The `pd.read_csv` function can be used to read the CSV file into a pandas data frame: a spreadsheet-like object for analyzing and processing data. We'll learn more about data frames in a future lesson.

In [14]:
movies_data_fram = pd.read_csv('./data/movies.csv')

In [15]:
movies_data_fram

Unnamed: 0,title,description
0,Fast & Furious,"A movie, a race, a franchise"
1,The Dark Knight,"Gotham, the ""Batman"", and the Joker"
2,Memento,A guy forgets everything every 15 minutes


#### A dataframe can be converted into a list of dictionaries using the `to_dict` method.

In [17]:
movies = movies_data_fram.to_dict('records')

In [18]:
movies

[{'title': 'Fast & Furious', 'description': 'A movie, a race, a franchise'},
 {'title': 'The Dark Knight',
  'description': 'Gotham, the "Batman", and the Joker'},
 {'title': 'Memento',
  'description': 'A guy forgets everything every 15 minutes'}]

#### If you don't pass the arguments `records`, you get a dictionary of lists instead.

In [20]:
movies_dict = movies_data_fram.to_dict()

In [21]:
movies_dict

{'title': {0: 'Fast & Furious', 1: 'The Dark Knight', 2: 'Memento'},
 'description': {0: 'A movie, a race, a franchise',
  1: 'Gotham, the "Batman", and the Joker',
  2: 'A guy forgets everything every 15 minutes'}}

#### Let's try using the `write_csv` function to write the data in `movies` back to a CSV file.

In [24]:
write_csv(movies, './data/movies_2.csv')

In [25]:
with open('./data/movies_2.csv', 'r') as f:
    print(f.read())

title,description
Fast & Furious,A movie, a race, a franchise
The Dark Knight,Gotham, the "Batman", and the Joker
Memento,A guy forgets everything every 15 minutes



#### As you can see above, the CSV file is not formatted properly.
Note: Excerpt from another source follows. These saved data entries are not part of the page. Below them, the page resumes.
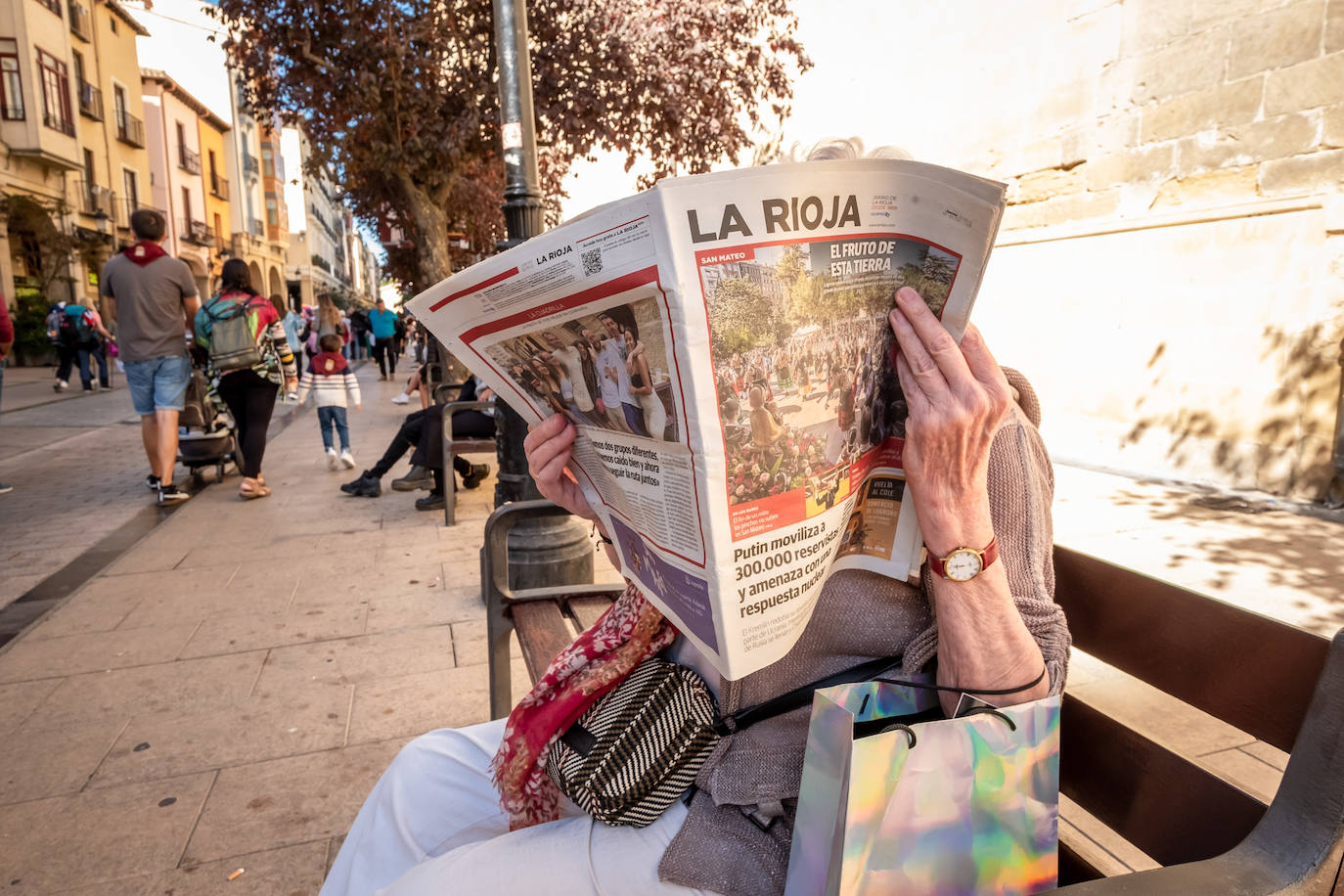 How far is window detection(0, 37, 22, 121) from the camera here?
2358cm

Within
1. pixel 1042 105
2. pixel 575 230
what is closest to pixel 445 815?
pixel 575 230

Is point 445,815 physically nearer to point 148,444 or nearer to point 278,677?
point 278,677

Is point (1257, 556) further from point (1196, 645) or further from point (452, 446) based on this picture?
point (452, 446)

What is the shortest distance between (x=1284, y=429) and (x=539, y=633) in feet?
18.3

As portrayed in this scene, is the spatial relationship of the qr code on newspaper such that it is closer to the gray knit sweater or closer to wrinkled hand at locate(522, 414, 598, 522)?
wrinkled hand at locate(522, 414, 598, 522)

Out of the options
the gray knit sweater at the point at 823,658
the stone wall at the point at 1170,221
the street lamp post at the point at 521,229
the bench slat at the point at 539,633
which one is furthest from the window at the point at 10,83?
the gray knit sweater at the point at 823,658

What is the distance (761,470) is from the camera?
36.9 inches

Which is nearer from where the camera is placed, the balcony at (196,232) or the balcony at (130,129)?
the balcony at (130,129)

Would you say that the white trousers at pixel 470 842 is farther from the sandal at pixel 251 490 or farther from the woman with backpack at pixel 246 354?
the sandal at pixel 251 490

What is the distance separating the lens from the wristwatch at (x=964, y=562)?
1.04 m

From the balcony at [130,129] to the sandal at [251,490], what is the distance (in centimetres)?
3060

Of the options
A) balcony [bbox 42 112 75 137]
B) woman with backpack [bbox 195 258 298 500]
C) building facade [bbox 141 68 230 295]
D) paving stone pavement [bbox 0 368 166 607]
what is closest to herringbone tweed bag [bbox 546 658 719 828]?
paving stone pavement [bbox 0 368 166 607]

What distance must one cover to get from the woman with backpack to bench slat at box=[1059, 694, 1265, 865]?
615cm

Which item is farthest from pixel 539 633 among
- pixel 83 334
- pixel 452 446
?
pixel 83 334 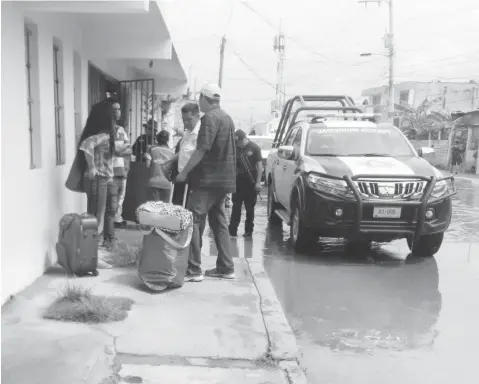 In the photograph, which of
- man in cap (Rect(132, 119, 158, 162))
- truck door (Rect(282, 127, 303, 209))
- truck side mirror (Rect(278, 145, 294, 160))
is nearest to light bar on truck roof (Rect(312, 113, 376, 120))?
truck door (Rect(282, 127, 303, 209))

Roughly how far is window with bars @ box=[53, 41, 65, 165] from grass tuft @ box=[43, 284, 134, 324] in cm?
198

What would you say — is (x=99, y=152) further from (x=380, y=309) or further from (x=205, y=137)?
(x=380, y=309)

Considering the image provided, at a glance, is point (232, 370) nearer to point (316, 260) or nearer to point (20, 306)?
point (20, 306)

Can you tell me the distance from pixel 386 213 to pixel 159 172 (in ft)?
10.1

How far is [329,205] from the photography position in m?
6.77

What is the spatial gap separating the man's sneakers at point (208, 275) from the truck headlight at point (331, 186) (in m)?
1.94

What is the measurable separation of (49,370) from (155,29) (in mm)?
5284

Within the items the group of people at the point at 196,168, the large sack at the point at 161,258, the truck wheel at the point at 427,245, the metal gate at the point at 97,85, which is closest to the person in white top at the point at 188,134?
the group of people at the point at 196,168

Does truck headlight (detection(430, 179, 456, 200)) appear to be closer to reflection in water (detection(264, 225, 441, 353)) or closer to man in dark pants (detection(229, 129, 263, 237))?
reflection in water (detection(264, 225, 441, 353))

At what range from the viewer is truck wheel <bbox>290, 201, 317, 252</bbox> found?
720cm

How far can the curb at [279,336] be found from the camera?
11.5 ft

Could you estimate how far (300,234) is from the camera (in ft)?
23.7

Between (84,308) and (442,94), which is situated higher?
(442,94)

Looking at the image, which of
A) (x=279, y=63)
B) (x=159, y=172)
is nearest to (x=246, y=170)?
(x=159, y=172)
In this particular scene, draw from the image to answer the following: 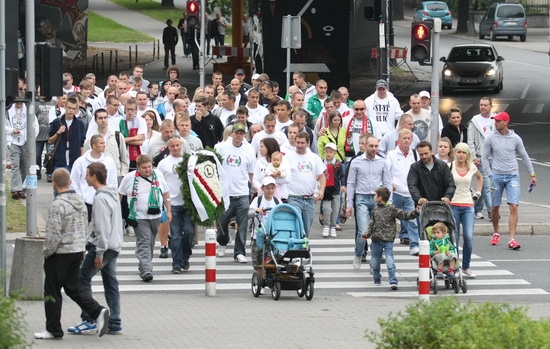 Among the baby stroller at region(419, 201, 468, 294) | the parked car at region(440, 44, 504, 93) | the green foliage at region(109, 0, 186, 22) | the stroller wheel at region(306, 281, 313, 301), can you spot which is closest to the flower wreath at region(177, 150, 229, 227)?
the stroller wheel at region(306, 281, 313, 301)

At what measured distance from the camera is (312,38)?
1511 inches

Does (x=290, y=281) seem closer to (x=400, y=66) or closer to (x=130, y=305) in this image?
(x=130, y=305)

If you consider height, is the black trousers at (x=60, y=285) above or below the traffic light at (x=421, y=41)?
below

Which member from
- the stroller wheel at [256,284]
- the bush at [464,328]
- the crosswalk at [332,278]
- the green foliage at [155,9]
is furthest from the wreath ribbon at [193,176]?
the green foliage at [155,9]

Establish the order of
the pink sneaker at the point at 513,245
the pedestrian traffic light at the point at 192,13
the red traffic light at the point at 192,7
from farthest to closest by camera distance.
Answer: the red traffic light at the point at 192,7
the pedestrian traffic light at the point at 192,13
the pink sneaker at the point at 513,245

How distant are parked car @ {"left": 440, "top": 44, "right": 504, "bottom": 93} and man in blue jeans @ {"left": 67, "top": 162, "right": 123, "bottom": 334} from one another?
3253cm

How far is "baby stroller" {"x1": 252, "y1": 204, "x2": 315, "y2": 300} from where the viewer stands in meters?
15.5

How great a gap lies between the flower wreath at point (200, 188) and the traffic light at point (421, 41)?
5.16m

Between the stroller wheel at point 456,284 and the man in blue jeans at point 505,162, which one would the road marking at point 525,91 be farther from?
the stroller wheel at point 456,284

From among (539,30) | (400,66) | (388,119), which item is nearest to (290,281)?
(388,119)

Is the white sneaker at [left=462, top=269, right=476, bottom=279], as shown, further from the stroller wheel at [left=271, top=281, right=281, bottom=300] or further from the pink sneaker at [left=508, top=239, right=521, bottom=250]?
the stroller wheel at [left=271, top=281, right=281, bottom=300]

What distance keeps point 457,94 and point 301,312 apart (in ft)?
104

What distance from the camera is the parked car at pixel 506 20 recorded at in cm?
6962

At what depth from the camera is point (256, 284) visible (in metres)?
15.8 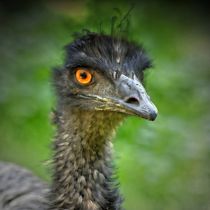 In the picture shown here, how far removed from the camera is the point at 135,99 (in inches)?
154

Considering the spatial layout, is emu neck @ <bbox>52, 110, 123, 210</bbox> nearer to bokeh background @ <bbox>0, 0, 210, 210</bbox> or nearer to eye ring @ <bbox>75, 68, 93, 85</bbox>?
eye ring @ <bbox>75, 68, 93, 85</bbox>

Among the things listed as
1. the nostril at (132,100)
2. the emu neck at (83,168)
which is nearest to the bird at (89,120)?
the emu neck at (83,168)

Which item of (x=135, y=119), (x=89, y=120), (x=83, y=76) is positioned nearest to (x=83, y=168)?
(x=89, y=120)

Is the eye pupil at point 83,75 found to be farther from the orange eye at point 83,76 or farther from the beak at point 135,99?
the beak at point 135,99

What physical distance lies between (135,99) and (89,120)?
1.28 feet

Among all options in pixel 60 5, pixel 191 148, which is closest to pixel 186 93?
pixel 191 148

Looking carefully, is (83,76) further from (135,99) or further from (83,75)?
(135,99)

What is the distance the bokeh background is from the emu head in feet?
3.70

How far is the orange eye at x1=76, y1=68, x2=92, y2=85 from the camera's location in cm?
417

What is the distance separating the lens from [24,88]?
6121 mm

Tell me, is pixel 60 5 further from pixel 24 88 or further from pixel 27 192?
pixel 27 192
This can be verified by attempting to read the file using `pd.read_csv`.

In [26]:
pd.read_csv('./data/movies_2.csv')

Unnamed: 0,Unnamed: 1,title,description
Fast & Furious,A movie,a race,a franchise
The Dark Knight,Gotham,"the ""Batman""",and the Joker
Memento,A guy forgets everything every 15 minutes,,


#### To convert a list of dictionaries into a dataframe, you can use the `pd.DataFrame` constructor.

In [27]:
movies

[{'title': 'Fast & Furious', 'description': 'A movie, a race, a franchise'},
 {'title': 'The Dark Knight',
  'description': 'Gotham, the "Batman", and the Joker'},
 {'title': 'Memento',
  'description': 'A guy forgets everything every 15 minutes'}]

In [28]:
df2 = pd.DataFrame(movies)

In [29]:
df2

Unnamed: 0,title,description
0,Fast & Furious,"A movie, a race, a franchise"
1,The Dark Knight,"Gotham, the ""Batman"", and the Joker"
2,Memento,A guy forgets everything every 15 minutes


#### It can now be written to a CSV file using the `.to_csv` method of a dataframe.

In [30]:
df2.to_csv('./data/movies_3.csv', index = None)

In [32]:
with open('./data/movies_3.csv') as f:
    print(f.read())

title,description
Fast & Furious,"A movie, a race, a franchise"
The Dark Knight,"Gotham, the ""Batman"", and the Joker"
Memento,A guy forgets everything every 15 minutes



#### The CSV file is formatted properly. We can verify this by trying to read it back.

In [33]:
pd.read_csv('./data/movies_3.csv')

Unnamed: 0,title,description
0,Fast & Furious,"A movie, a race, a franchise"
1,The Dark Knight,"Gotham, the ""Batman"", and the Joker"
2,Memento,A guy forgets everything every 15 minutes


## Exercise - Processing CSV files using a dictionary of lists

We defined the functions `read_csv` and `write_csv` above to convert a CSV file into a list of dictionaries and vice versa. In this exercise, you'll transform the CSV data into a dictionary of lists instead, with one list for each column in the file.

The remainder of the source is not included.